Runner proves she can keep up with the kids

rmooney@bradenton.comAugust 25, 2009 

The two-week running camp is over and Ellen Jaffe Jones is happy to report that she is, indeed, alive.

“I survived,” she said.

Was there any doubt?

“You never know when you’re going up against teenagers,” Jaffe Jones said.

Jaffe Jones is 56. She has been running for exactly half her life, and she plans to keep on running for at least another 28 years, more if she can.

“Until I’m 100,” she said.

The camp was run by Manatee High girls cross country coach Rae Ann Darling Reed. It was open to anyone willing to spend three hours, five mornings a week training and running through the trails of G.T. Bray Park. Jaffe Jones arrived at 7:30 that first morning to find herself among a group of high school runners.

She was almost three times their age.

Intimidating? Sure, but that feeling didn’t last.

Jaffe Jones found herself inspired by the energy of her fellow campers. She was motivated by their spirit, swept along in their drive.

On the last day, Jaffe Jones made it a point to tell the girls she had the “utmost respect” for them, to which one replied, “We have the utmost respect for you.”

Jaffe Jones lives on Anna Maria Island with her husband, Clarence. They own a media consultant business.
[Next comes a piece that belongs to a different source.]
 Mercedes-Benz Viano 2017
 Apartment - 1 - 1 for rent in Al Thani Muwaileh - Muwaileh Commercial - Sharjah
A native of St. Louis, Jaffe Jones was a two-time Emmy Award-winning investigative TV journalist. She spent five years as a stockbroker. She now teaches cooking at the Anna Maria Community Center.

And she runs.

Jaffe Jones was 28 when she almost died from a blockage in her colon. Poor diet, she was told.

Given her family’s history of heart disease, breast cancer and diabetes, Jaffe Jones decided to make changes. First came a healthy diet. Next, exercising.

“I think it’s made all the difference,” she said. “I have so much more energy, and I don’t have all the issues.”

She’s proud to report that she’s not on medications of any kind.

Her diet these days is strictly vegan.

“Lots of plants,” she said.

She treated her fellow campers to snacks of fresh fruit, dates, figs, plums.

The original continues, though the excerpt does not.